Le costaba hacerse una idea de cómo habría ido a parar hasta allí y eso que él no andaba mal de imaginación precisamente. Que se lo preguntaran a su prima Montse para que recordara las tardes de verano, a la hora de la siesta en el desván de la casa de la abuela. Había oído historias acerca de dentaduras olvidadas en un vaso, encima de la mesita del cuarto de alguna putilla al que había ido a parar un abuelete deseoso de recordar vigores olvidados. Dentaduras guardadas en un pañuelo, en el bolsillo de la americana del familiar que aguardaba la salida, que no se produjo, del quirófano. Prótesis rescatadas por el codicioso incinerador justo antes de que el fuego consumiera para siempre el cuerpo sin vida. Piezas dentales arrancadas para no dejar rastro que seguir por la policía, en la investigación de un crimen no resuelto, quién sabe si aún por cometer. Dentaduras de un ser amado reutilizadas obligados por la penuria y una pizca de fetichismo. Historias increíbles que no podían justificar la presencia de su media sonrisa.
Mientras se alejaba del lugar de los hechos, ocupado en darle una explicación a lo sucedido, el politono de su móvil le arrastró de nuevo a ras de suelo. Cuando lo extrajo del bolsillo del vaquero, justo un segundo antes de contestar, se dio cuenta de que la dentadura volvía a recobrar su libertad bajo la incrédula mirada de un paseante. El encontronazo del diente con el asfalto y de los ojos del mirón con su conciencia no quedaron sin consecuencias. Una mella en el esmalte y una irresistible sensación de vergüenza fueron la respuesta. Se sentía un fugitivo, un apestado que guardaba un secreto y que en cualquier momento podía ser interrogado acerca de aquel disparate. No podía seguir así. Decidió acabar con la situación devolviendo al incómodo pasajero al lugar donde lo encontró y que no debió abandonar.

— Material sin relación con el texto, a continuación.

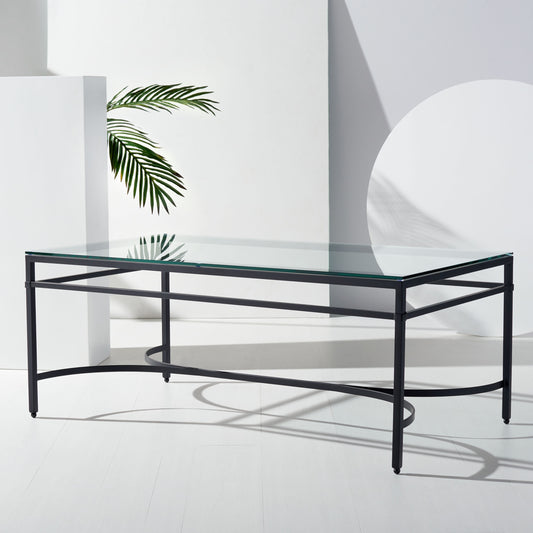 Safavieh  Abelard Glam Style Glass Cocktail Table/Black
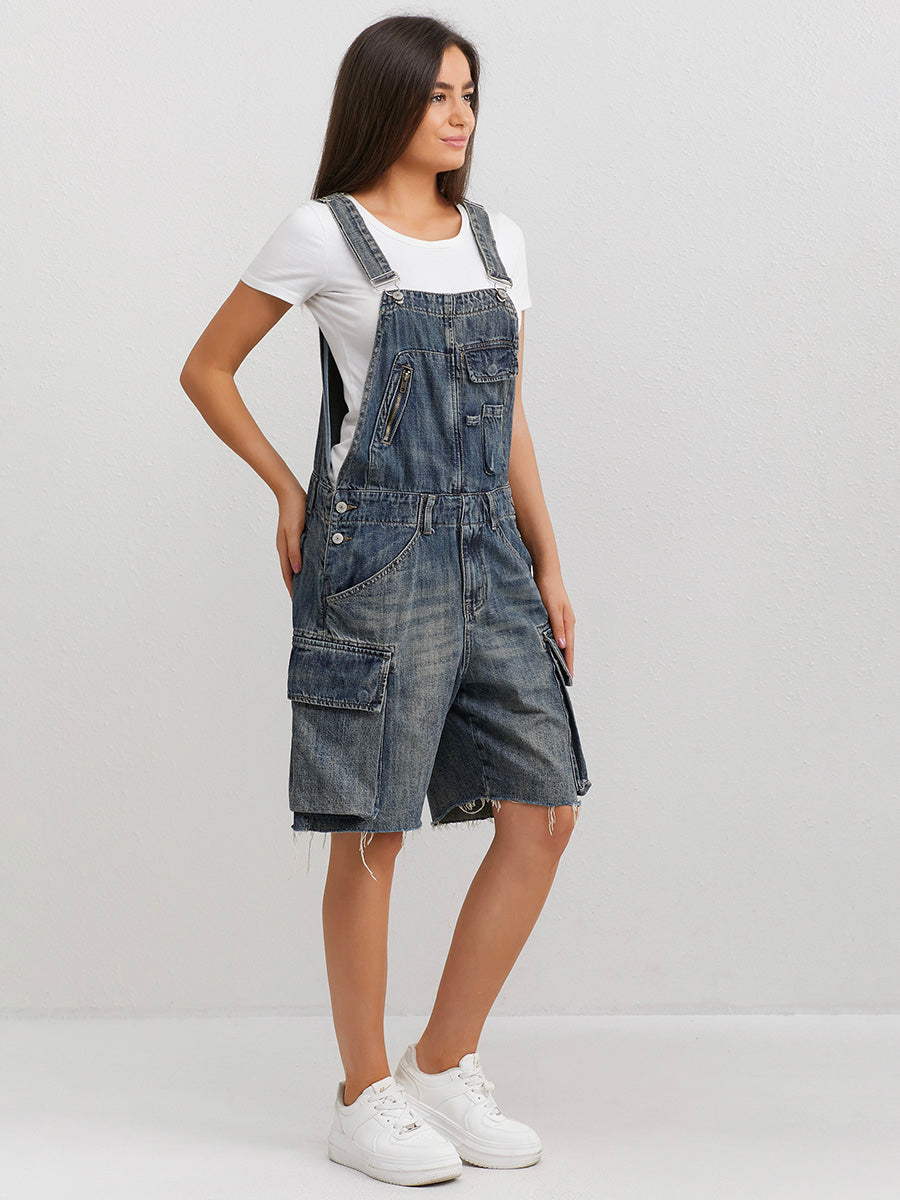 Dames Denim Overall Shorts Vintage Stijl 1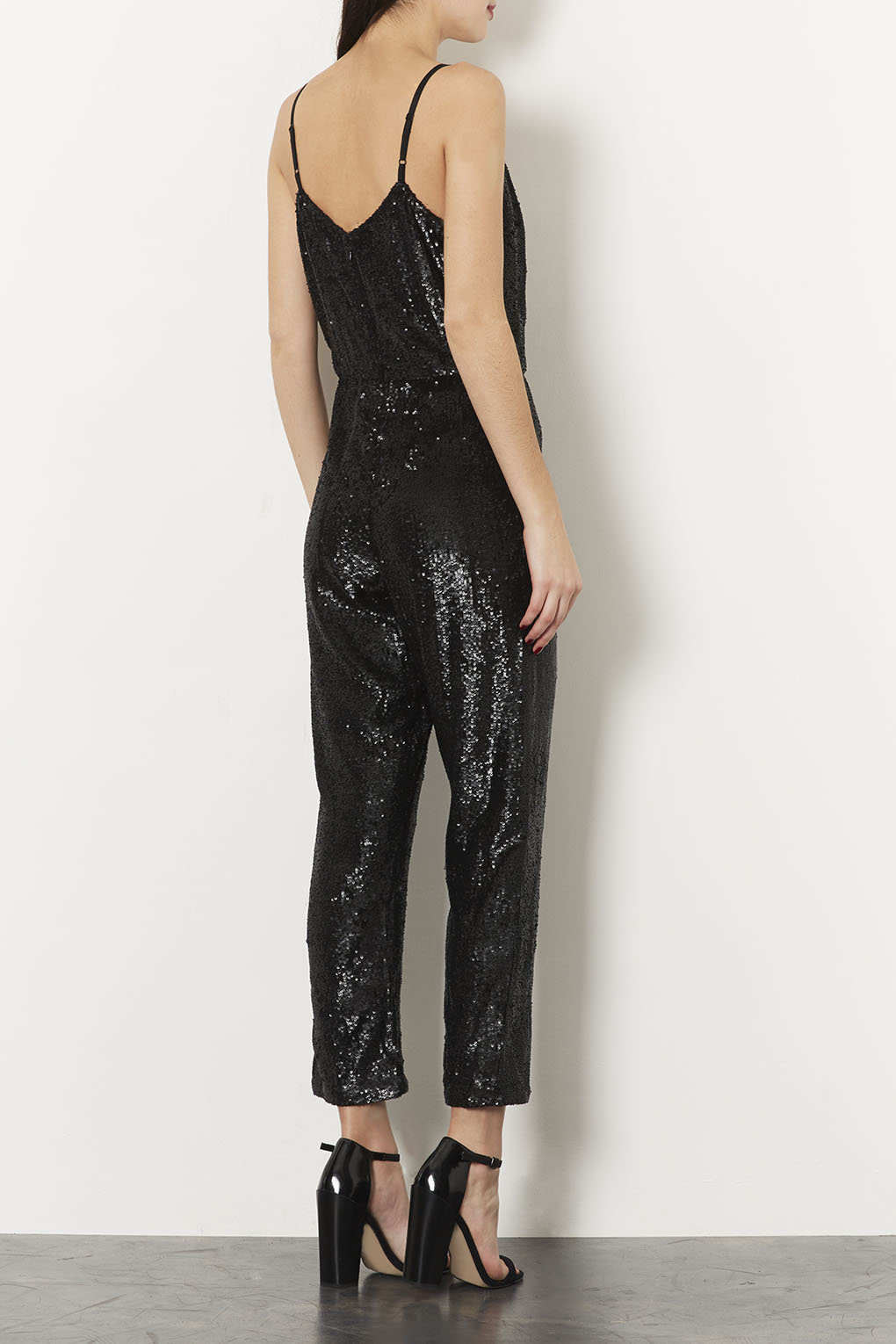 TOPSHOP Sequin Strappy Jumpsuit in Black - Lyst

Dando la espalda al lugar del crimen, imaginó aquella mitad en la hermosa boca de una joven, víctima años atrás de un terrible accidente que la obligó a reconstruir su expresión. Pensó en los dientes que echaban de menos a sus compañeros de viaje, añorando el entrechocar de su pareja, sintiéndose huérfanos y ortopédicos. En la dentadura que había malogrado la carrera de un actor que no superó con éxito la prueba para su incorporación a la compañía de teatro de vanguardia. En aquella madre que no pudo contar el cuento de costumbre al niño reticente al pijama y las buenas noches. No merecía aquel final. Debía buscar una solución al enigma recurriendo, si era necesario, a las fuerzas del orden y a los medios de comunicación. Animado por esta idea deshizo el camino de la huída. Cuando llegó al escenario, el protagonista ya no estaba. Pese a la angustia que sentía, no pudo dejar de fijarse en unos ojos que esquivaban su mirada, en algo parecido a una mueca de felicidad.